Friday, November 23, 2012

Stay focused on the real attack

On Sept. 11, 2012, U.S. Ambassador to Libya Christopher Stephens and three other people were murdered by terrorists in an attack in Benghazi.

At the time, anti-American protests had broken out in the streets of Cairo, Egypt, and nearly 20 other countries, apparently sparked by an anti-Islamic Web video made in the U.S. At the time of the killings, the Libyan protests seemed to start out as the same kind of protest as the others. We have since found out that more was involved, although it is still uncertain whether Ambassador Stephens was targeted or simply a high-value accidental victim of the terrorists.

Congress has oversight over U.S. intelligence efforts and is legitimately concerned about whether there was too little security at the embassy and whether corrections are needed.

However, feverish calls coming from some members of Congress for hearings involving the entire Congress are not only overwrought but seem like post-election sour grapes. The blame some are trying to place on U.S. Ambassador to the United Nations Susan Rice for some kind of cover-up or for gross incompetence is grossly misplaced.

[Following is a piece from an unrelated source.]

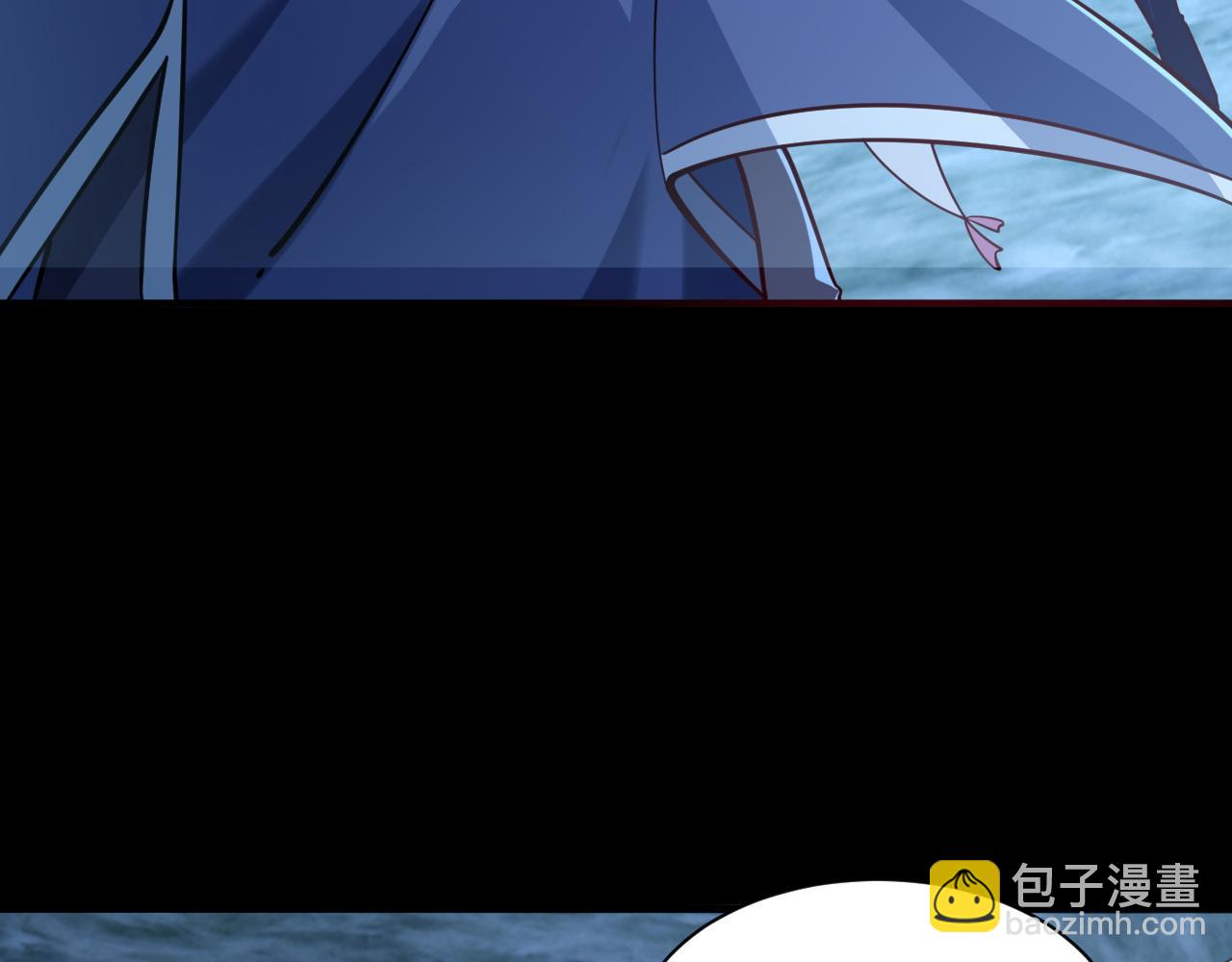 《我能提取属性》第46话 宣王剑魂属性提取，大元国驸马就地结婚 第18页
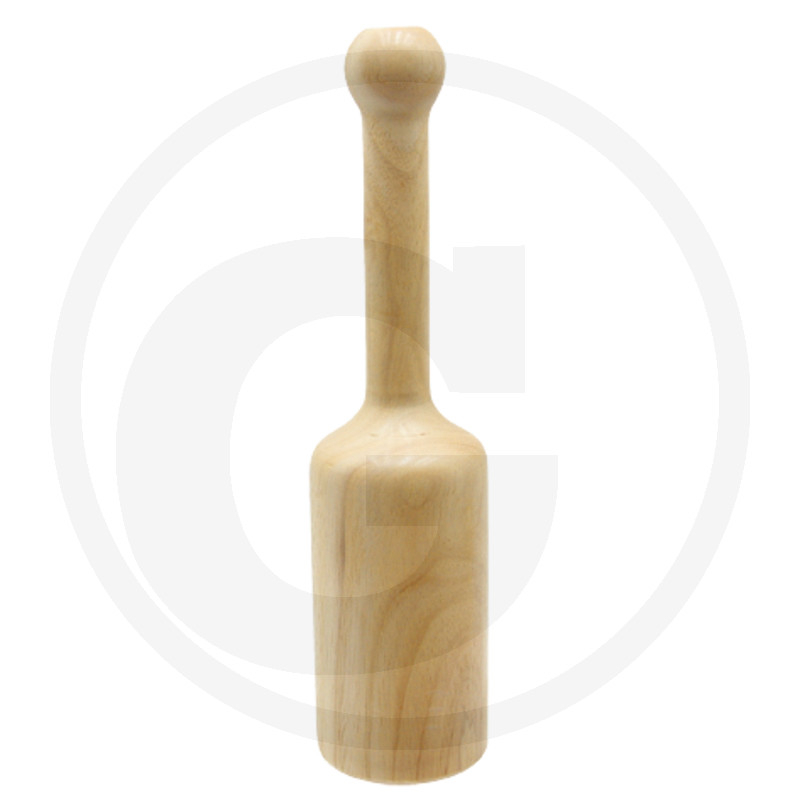 Hufbeschlagschlegel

It’s hardly news that Sen. John McCain, R-Ariz., who with Sen. Lindsay Graham, R-S.C., has demanded a Watergate-scale investigation, is angry. McCain has made his public bones being angry. But the tone of his and Graham’s comments amounts to nothing more than grandstanding.

Sadly and too often, congressmen are better at grandstanding than at dealing with real issues like budget deadlines that have the potential to derail our economic recovery in 2013 or missile attacks on Israel that threaten to escalate into a full-blown war.

Terrorists count on the fact that the inevitable cracks left by incomplete information, imperfect planning, and the inability to predict previously unknown actions can be exploited.

If America’s diplomats in the Middle East have asked for more security and not received it, we should know why. If, despite the massive resources of the Central Intelligence Agency, FBI, and military intelligence, we had no information about the group that organized the Benghazi attack, we should know why not.

If our leaders had so little imagination that they did not assume organized terrorists would use street protests as cover, we must ask why not. 

Congressional discussions of the Benghazi attack should stay focused on improving operations. Angry outbursts and partisan attacks just divert the nation from the real issues and real solutions.